Les termes "infra étatique" ou "sub-étatique" fréquemment mobilisés pour qualifier les collectivités locales marquent la difficulté des internationalistes à célébrer le deuil tant d'un statocentrisme que d'un transnationalisme enthousiaste, que l'on remet heureusement en cause suite à l'ouvrage de Risse-Kappen (1995). L'engagement des collectivités locales sur la scène internationale est fondé par l'ordre étatique et l'on ne voit pas, dans le cas d'espèce, ce qui serait "infra étatique" ou "sub étatique". On constate à contrario que les collectivités locales et les services de l'Etat agissent de concert sur l'ensemble du territoire national - ce qui est sans doute récent - mais invite néanmoins à prendre en compte les évolutions globales de l'action publique dans l'analyse des relations internationales (Vion ; Négrier, 2002 : 7). Il en est de même des préfixes "infra" ou "sub" qui suggèrent l'existence d'un jeu local échappant au contrôle des administrations d'Etat. Ceci est certes vrai mais fait l'impasse sur tout un jeu de légitimations réciproques dans lequel se renforcent ou se limitent les capacités d'action de tel ou tel autre protagoniste. Dans le cadre de ce travail, nous utiliserons le concept d' « acteur gouvernemental non central » cité par Hocking en 1993 (Négrier ; Vion, 2002 : 8). Ce concept semble plus opératoire dans le cadre de notre étude dans la mesure où, il sera question de voir dans une certaine mesure comment l'Etat tend à pratiquer une logique de sous-traitance en matière de politique étrangère en confiant certains secteurs de son agenda politique saturé (Blom ; Charillon, 2001) aux collectivités locales. Il va de soi cependant que le concept d' « acteur gouvernemental non central » ne doit pas être appréhendé sous le prisme de la déconcentration administrative mais sous celui de la décentralisation de la coopération internationale.

3) Le partenariat

Le mot partenariat est à la mode aujourd'hui. Le banquier, l'entrepreneur se disent volontiers être partenaires de leurs clients. Dans l'arène sociale et politique, on parle couramment de partenaires sociaux. Même dans un couple, on parle de partenaires. Aucune de ces définitions ne semble satisfaire à notre préoccupation.

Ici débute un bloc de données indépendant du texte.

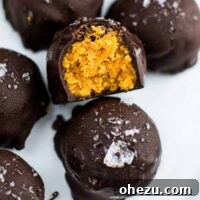 A plate of decadent dark chocolate pumpkin truffles, ready to be enjoyed. These truffles are gluten-free and vegan, made with smooth coconut flour.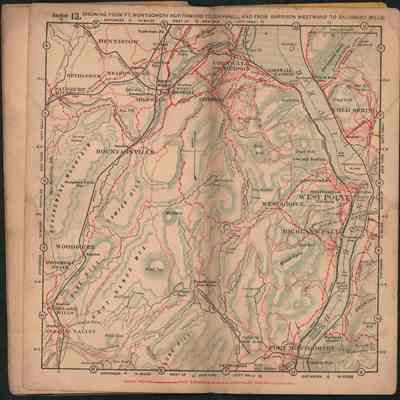 Orange County Sectional Road Map 22_Section 13: This historical map shows Section 13 from Ft. Montgomery northward to Cornwall, and from Garrison westward to Salisbury Mills.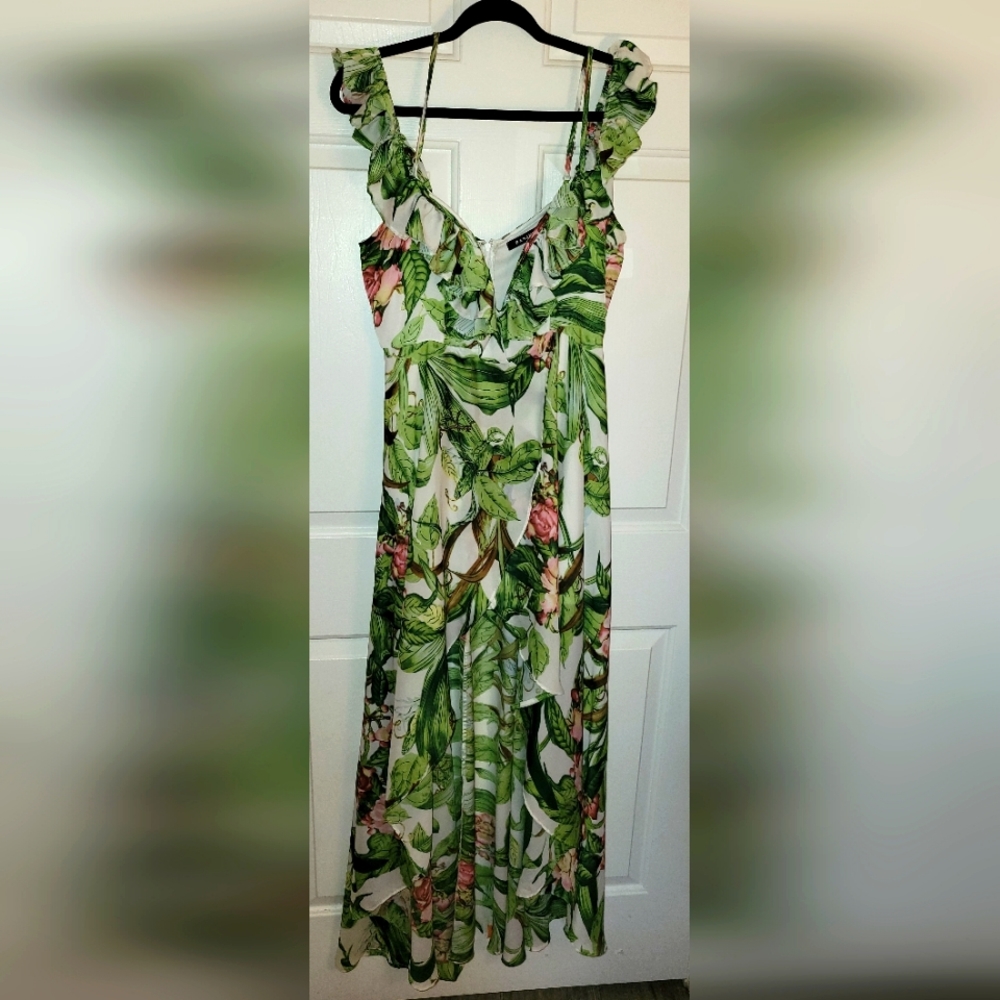 Floral Green Maxi Dress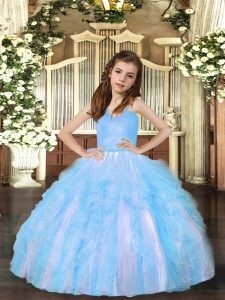 Tulle Straps Sleeveless Lace Up Ruffles Pageant Dress in Aqua Blue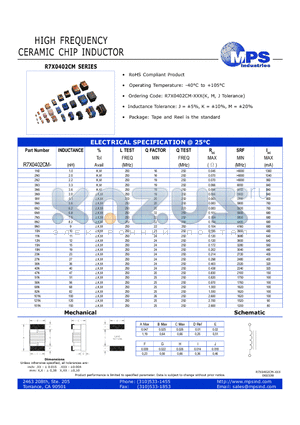 R7X0402CM-1N0 datasheet - HIGH FREQUENCY CERAMIC CHIP INDUCTOR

Par ce concept, entendons simplement un système de relations construites par différents acteurs dans un univers relationnel essentiellement interdépendant, prenant au sérieux le principe de "réciprocité". C'est le lieu de rappeler que la réciprocité est un principe de droit international selon lequel un Etat subordonne l'exécution de ses engagements ou de ses obligations à l'attitude équivalente de la part d'un autre Etat. L'article 55 de la constitution française de 1958 prévoit d'ailleurs une condition de réciprocité d'application des traités ou accords régulièrement ratifiés ou approuvés pour que ceux-ci aient dès leur publication, une autorité supérieure à celle des lois (Debbasch ; Bourdon ; Ricci, 2001).

La notion de partenariat implique finalement un échange de prestations au service des intérêts mutuels des parties (Nach Mback, 1994) : c'est une relation fondée essentiellement sur la logique « donnant - donnant » et/ou « win - win ».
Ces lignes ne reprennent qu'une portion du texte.